From a tiny village to an independent city, Falls Church has come a long way in Virginia. The result today is an area rich in sites that receive particular attention from residents and visitors alike.
The Falls Church community often found itself participating as history was made. It was the case when George Washington himself belonged to the vestrymen of the very church from which the city takes its name. So was when the mighty general’s comrades read a copy of the U.S. Declaration of Independence more than 220 years ago. Although its past is not solely of good fortune and the area badly suffered as a battleground during the Civil War. It has eventually managed to become home to one of the most affluent communities in the entire nation.
The following sites and structures — silent witnesses to all that took place here — are totally worth a visit:
Let’s start with the church that gave the city its name. The Falls Church Episcopal is at 115 East Fairfax Street today. Despite several renovations that took place over the years, it still preserves its 1769 style and texture. In both form and spirit, therefore, this brick structure is an invaluable treasure even beyond the city. Schedule a docent tour via this link and you will almost experience time travel.
Cherry Hill Farmhouse
At 312 Park Avenue is the second of the area’s must-visits. An 1845 farmhouse on a piece of land that once was part of a pre-Revolutionary War plantation, most notably of fruit orchards.
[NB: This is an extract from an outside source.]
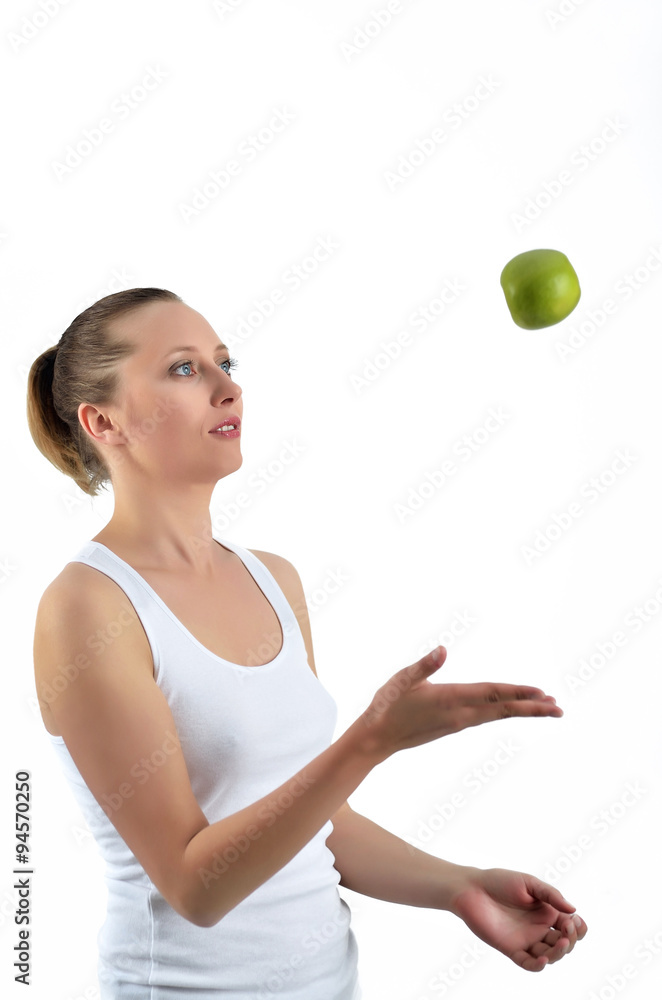 Beautiful blondy woman is playing with green apple Beautiful blondy woman is playing with green apple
Cherry Hill Farmhouse has a Greek revival architecture style and preserves its authentic furniture from those early years. Inside the adjoining barn that is at least as old, there are tools that reflect the dominant economic activity in the region in the same episode of history.
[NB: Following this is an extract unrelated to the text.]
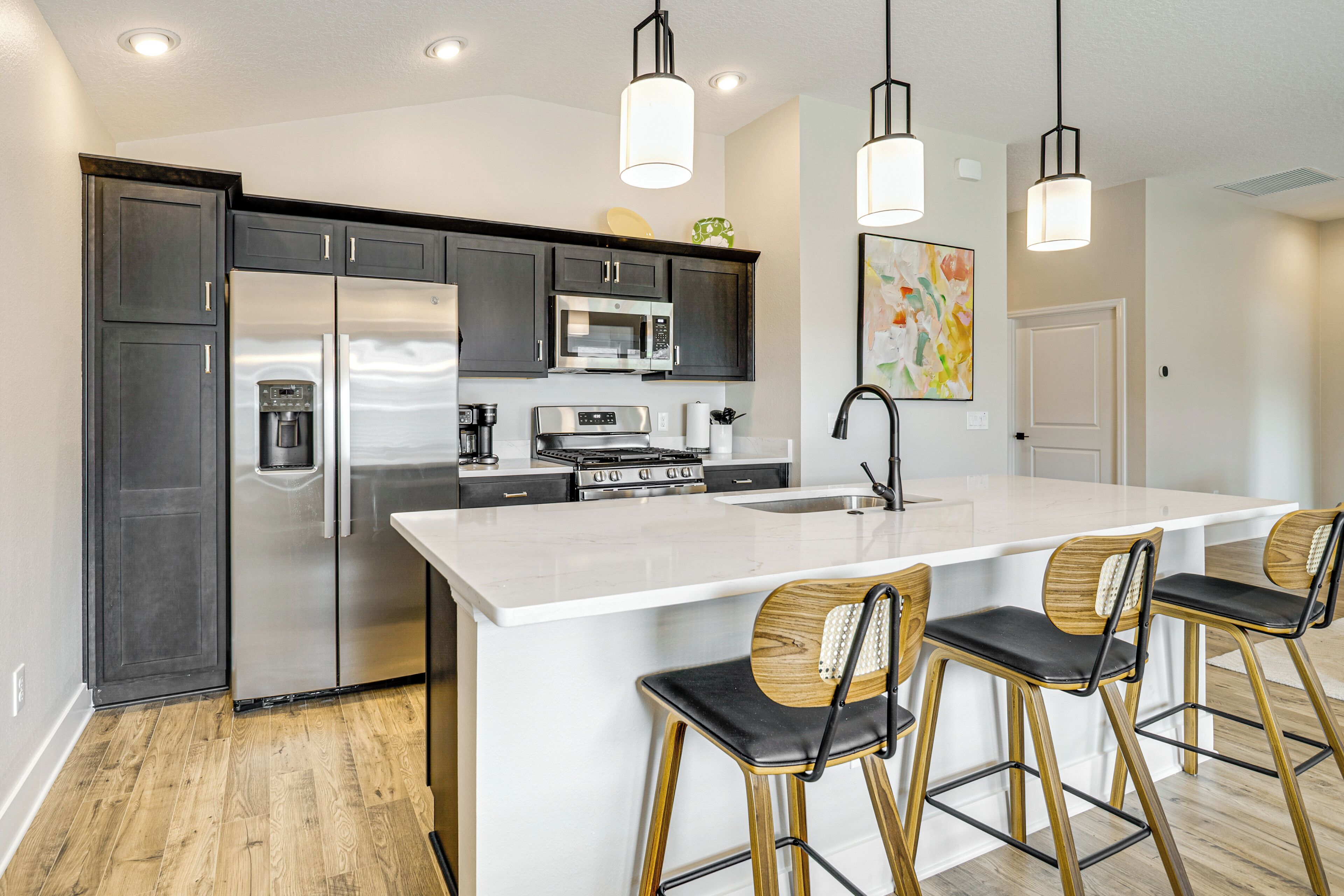 A modern kitchen with dark cabinets, stainless steel appliances, a large island, and bar stools.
Outside the times when the City enforces closures for purposes of maintenance and safety, Cherry Hill Farmhouse remains open for visits by guided tours from Tuesday through Saturday. It is also possible to rent it for a multitude of events including weddings.
1915, Falls Church ordered residential segregation. The ordinance concerned the African American residents of Tinner Hill, who had settled west of the city following the Civil War. They bravely resisted that ordinance and joined the National Association for the Advancement of Colored People to be its first rural branch. At 106 Tinner Hill Road today, there is an inspiring civil rights monument, a stone arch carved out of granite quarried from underneath the neighborhood.
Two of D.C.’s original 1791 milestones, which marked the official boundary between Maryland and Virginia, are in Falls Church, too. You will find one at Andrew Ellicott Parkand the other at Benjamin Banneker Park. They are just over a mile apart from each other east of the city near Arlington.
Historic Private Residences
Finally, the City has put together a map for longer yet still convenient walking tours of the Falls Church’s Historic Sights. With it, the City promises, you will discover an elegant Victorian town. At an average pace, the two-mile course shouldn’t take more than an hour, no matter how many pictures you may understandably want to take.